Je l'ai vu pour vous voir faire beaucoup de tours.
MÉLISSE.
Qui l'empêche d'entrer, et me voir tous les jours ?
Cette façon d'agir est-elle plus polie ?
Croit-il...
LYSE.
Les amoureux ont chacun leur folie :
La sienne est de vous voir avec tant de respect,
Qu'il passe pour superbe, et vous devient suspect ;
Et la vôtre, un dégoût de cette retenue,
Qui vous fait mépriser la personne connue,
Pour donner votre estime, et chercher avec soin
L'amour d'un inconnu, parce qu'il est de loin.

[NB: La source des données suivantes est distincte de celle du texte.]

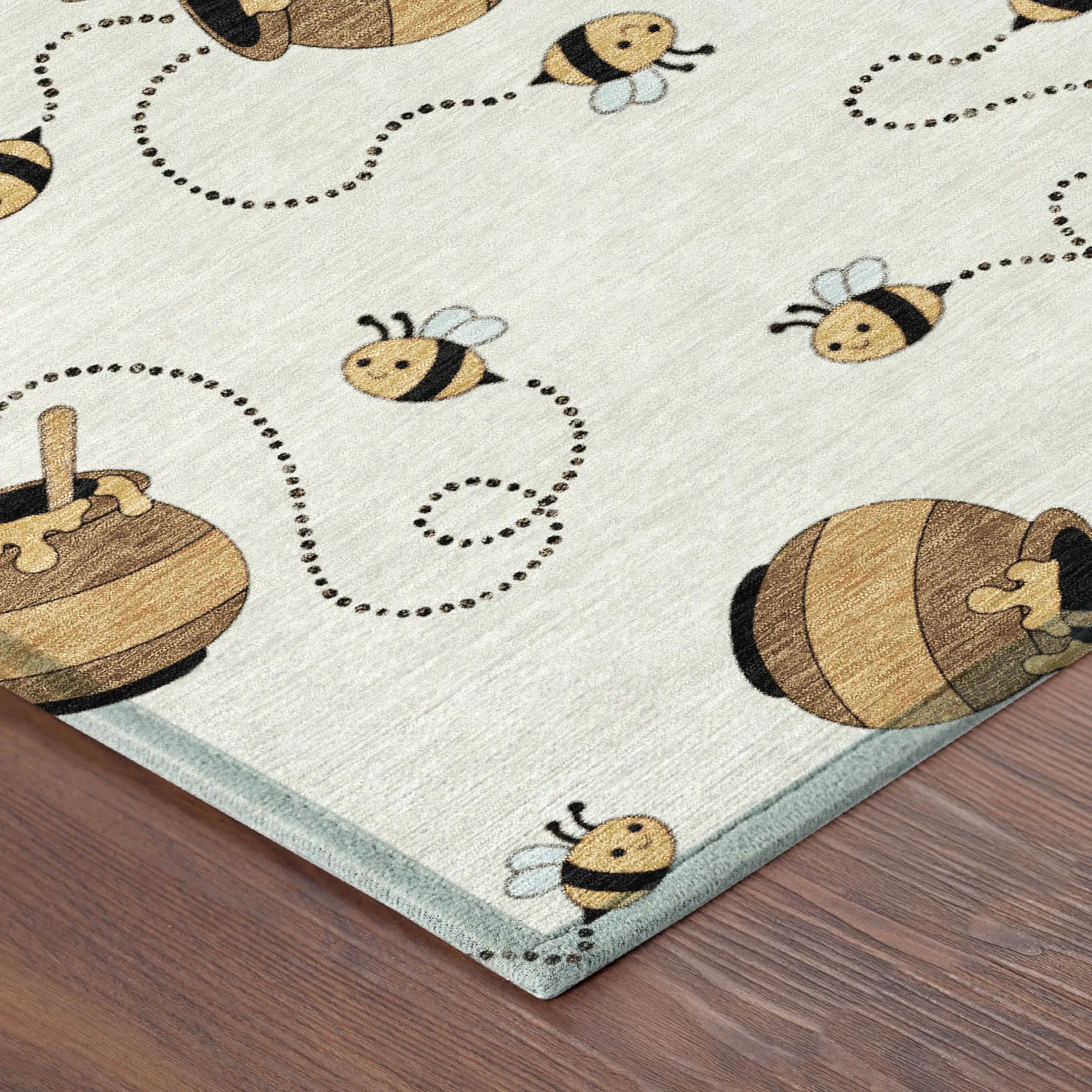3' X 5' Ivory And Beige Geometric Washable Indoor Outdoor Area Rug Homeroots Outdoor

SCÈNE II. Cléandre, Mélisse, Lyse.
CLÉANDRE.
Envers ce prisonnier as-tu fait cette feinte,
Ma soeur ?
MÉLISSE.
Sans me connaître, il me croit l'âme atteinte,
Que je l'ai vu conduire en ce triste séjour,
Que ma lettre et l'argent sont des effets d'amour ;
Et Lyse, qui l'a vu, m'en dit tant de merveilles,
Qu'elle fait presque entrer l'amour par les oreilles.
CLÉANDRE.
Ah ! Si tu savais tout !
MÉLISSE.
Elle ne laisse rien ;
Elle en vante l'esprit, la taille, le maintien,
Le visage attrayant et la façon modeste.
CLÉANDRE.
Ah ! Que c'est peu de chose au prix de ce qui reste !
MÉLISSE.
Que reste-t-il à dire ? Un courage invaincu ?
CLÉANDRE.
C'est le plus généreux qui jamais ait vécu ;
C'est le coeur le plus noble, et l'âme la plus haute...
MÉLISSE.
Quoi ? Vous voulez, mon frère, ajouter à sa faute,
Percer avec ces traits un coeur qu'il a blessé,
Et vous-même achever ce qu'elle a commencé ?
CLÉANDRE.
Ma soeur, à peine sais-je encore comme il se nomme,
Et je sais qu'on n'a vu jamais plus honnête homme,
Et que ton frère enfin périrait aujourd'hui,
Si nous avions affaire à tout autre qu'à lui.
Quoique notre partie aie été si secrète
Que j'en dusse espérer une sûre retraite,
Et que Florange et moi, comme je t'ai conté,
Afin que ce duel ne pût être éventé,
Sans prendre de seconds, l'eussions faite de sorte
Que chacun pour sortir choisît diverse porte,
Que nous n'eussions ensemble été vus de huit jours,
Que presque tout le monde ignorât nos amours,
Et que l'occasion me fût si favorable
Que je vis l'innocent saisi pour le coupable
(je crois te l'avoir dit, qu'il nous vint séparer,
Et que sur son cheval je sus me retirer) ;
Comme je me montrais, afin que ma présence
Donnât lieu d'en juger une entière innocence,
Sur un bruit épandu que le défunt et moi
D'une même beauté nous adorions la loi,
Un prévôt soupçonneux me saisit dans la rue,
Me mène au prisonnier, et m'expose à sa vue.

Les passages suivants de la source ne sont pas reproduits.